How to make Pinterest work for your SME

Recently I was asked by Talk Business magazine to write a series of articles which will be published online and in their print edition. 

This piece is aimed at small business owners who perhaps haven’t ever used social media but realise they need to, in order to reach out to that huge potential captive audience.

The subject of this piece: how to make Pinterest work for your SME.

For me, Pinterest is different. Different from the frenetic pace of other social media where amid a constant bombardment of opinion, invective and news, a business who wants to showcase new products or visual work can find their voice rather lost. By contrast, opening up a Pinterest page for a new project is rather like shutting a door on a crazy world and steadily building a story about something fresh and emerging. It’s particularly useful for building inspiration, as well as showcasing gorgeous photography of your work, or working process.

… let’s first talk about inspiration.
Collating visual stimuli for my graphic design work has been a mainstay of a consistently familiar creative process which begun at art school. For many years this would be done by raking through design books and magazines, tearing, cutting, copying and building ‘mood boards’ on huge sheets of foamboard. Particularly useful for corporate identity projects, these messy heaps of cut up paper would gradually be pulled together into coherent themes which would in turn inspire something totally fresh. The good news (for trees everywhere) is that the entire process can now happen online, without scissors and spraymount, harvesting the seemingly inexhaustible visual resources of the web.
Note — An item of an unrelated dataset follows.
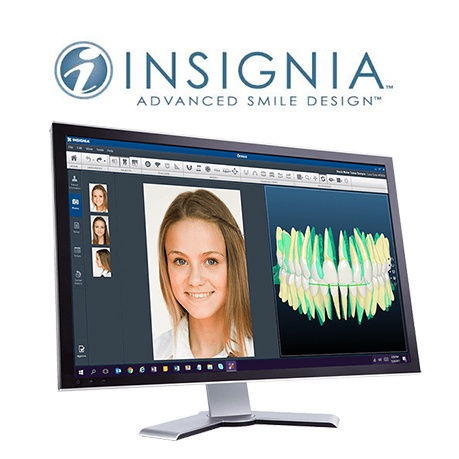 Image of Insignia advanced orthodontic smile design on computer screen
… secondly, showcasing your work, in depth, from every angle.
In the photography of your work, whether a standalone product or creative project such as a new piece of artwork, a vibrant poster for your business or a story about a new activity you’re undertaking, it’s extremely unlikely you’ll produce just one image. More likely it’s going to be many, almost certainly built over time. By contrast, other social media increasingly favours the single image: most Facebook posts these days on a smartphone dicate this. However Pinterest suggests a different, more comprehensive process, potentially looking at your work, explaining its purpose, use, or a range of iterations. Essentially it allows you to curate a complete visual story from beginning to end.

 

Where did Pinterest come from?

A classic ‘kitchen table’ business idea in 2009, Pinterest was the brainchild of founder Ben Silberman. A first prototype was complete in March the following year and tested by the friends and family of the owners and developers. Much of its success can be attributed to a huge enthusiasm for user-testing and feedback as the site began its growth. Silberman later stated that even when the site had thousands of users, he would still make a point of emailing each person who had signed up, for their views.
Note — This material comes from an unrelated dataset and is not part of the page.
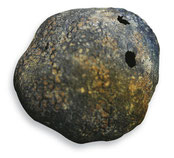 Tuber Excavatum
Given its huge popularity today, it’s hard to believe just how slow its initial growth was. Indeed for some considerable time its users were in the hundreds or low thousands with a sluggish month-by-month percentage increase. However during 2011 the site really took off as a very specific and unusual offering. In particular it has become hugely popular with women, and drives a huge amount of direct sales from the site – among other extraordinary statistics, Pinterest is the largest driver of revenue on Shopify. Today the site traffic is rarely made public but there’s little doubt it’s in the hundreds of millions.

 

What sort of business is it useful for?

There’s no doubt businesses that work in the creative industries or whose products are visual and constantly changing are best placed to take advantage of Pinterest. A site which thrives on the best looking photos or graphics, if your business works hard at presenting its work in this way, there’s no doubt that this is the social media for you.
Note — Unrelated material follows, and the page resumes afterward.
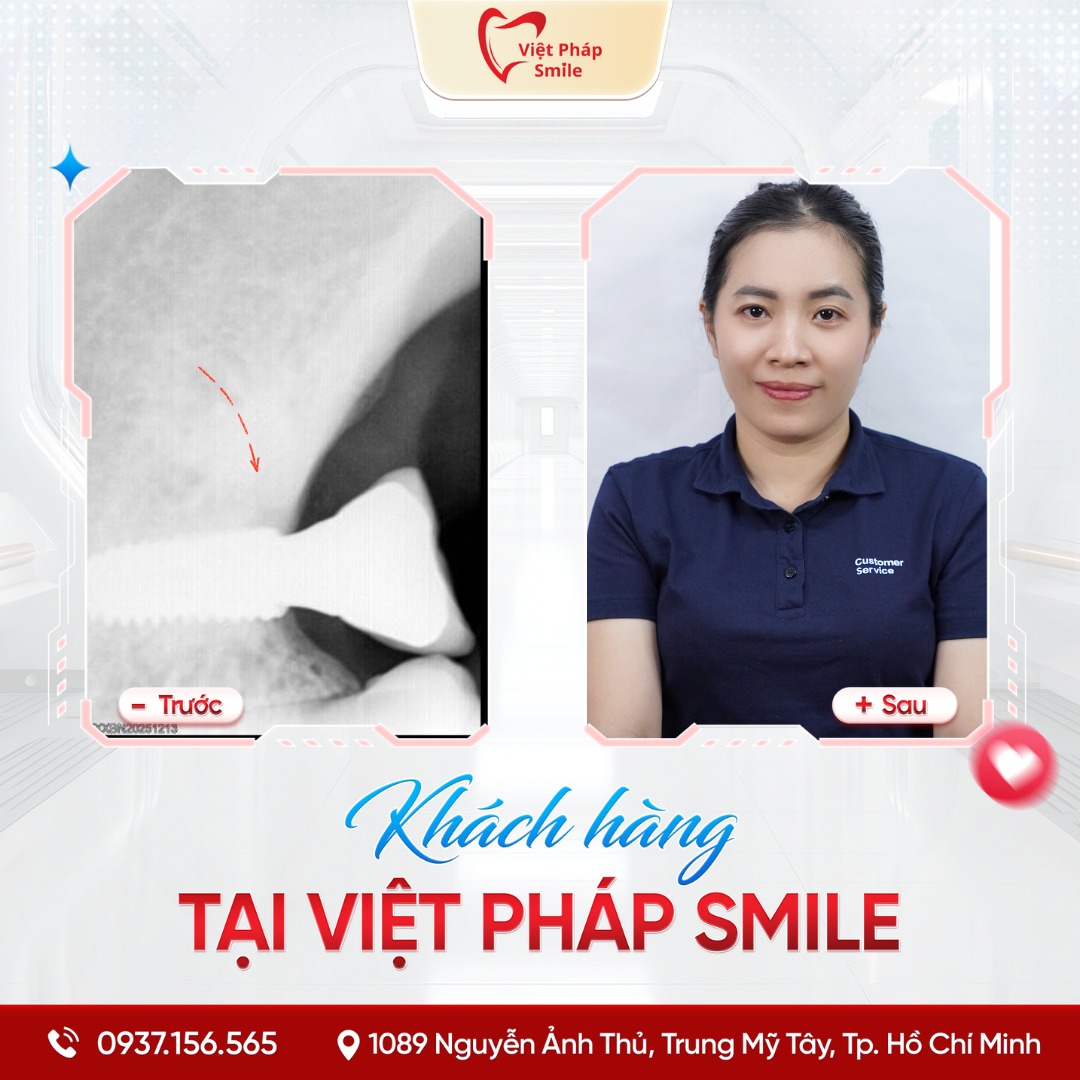 Trồng răng Implant phường Hóc Môn – Phục hồi răng mất, ăn nhai thoải mái 2 trong-rang-implant-nha-khoa-viet-phap-smile-1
It doesn’t require the constant, moment-by-moment updates which many Twitter users seem to thrive on, so in that sense it’s a great media for time-poor business people. I believe it’s best used by setting aside specific time to devise beautiful story boards of work to get your message out there.

 

How can sharing images online lead to sales?

Before talking about marketing, it’s important to focus on who Pinterest’s users actually are. It’s widely known that the vast proportion of them are women, and more often than not, women in the mid and upper-range income brackets. Its users are like visual magpies, building board after board of images focusing on their key areas of interest, whether that be their home decoration, interest in fashions or shoes, gardens, travel destinations or a never-ending series of sub-genres of food preparation.

One of Pinterest’s cleverest moves has been to avoid the occasionally rather jarring ‘promoted posts’ so prevalent on Facebook or Twitter. Instead they opened their doors to allow users to market their creative work on side-stores such as eBay, Shopify or Etsy (among many others). This very simple approach did something deft: rather than feeling forced or artificial, it gave users of the site the ability to simply purchase the beautifully presented product they had found on the site in a relatively non-salesy way. It gave users the ability to discover products they were interested in and then move ahead with a purchase.

It’s my belief that any business with a product to sell and a little imagination could make use of Pinterest simply and easily. A little research into ‘most pinned’ images in your industry or field will quickly make it clear the kind of approach that works best, then purchase a good quality camera and get snapping – and selling.